* Task requirements *
Repeat nothing but the line containing "Stiefel Hagebuttenpulver" and the lines that follow it, up to and including the last line of the data below.

* Supplied material *
----

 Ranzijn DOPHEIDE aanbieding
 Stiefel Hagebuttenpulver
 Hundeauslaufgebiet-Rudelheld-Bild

----

* Response area *
 Stiefel Hagebuttenpulver
 Hundeauslaufgebiet-Rudelheld-Bild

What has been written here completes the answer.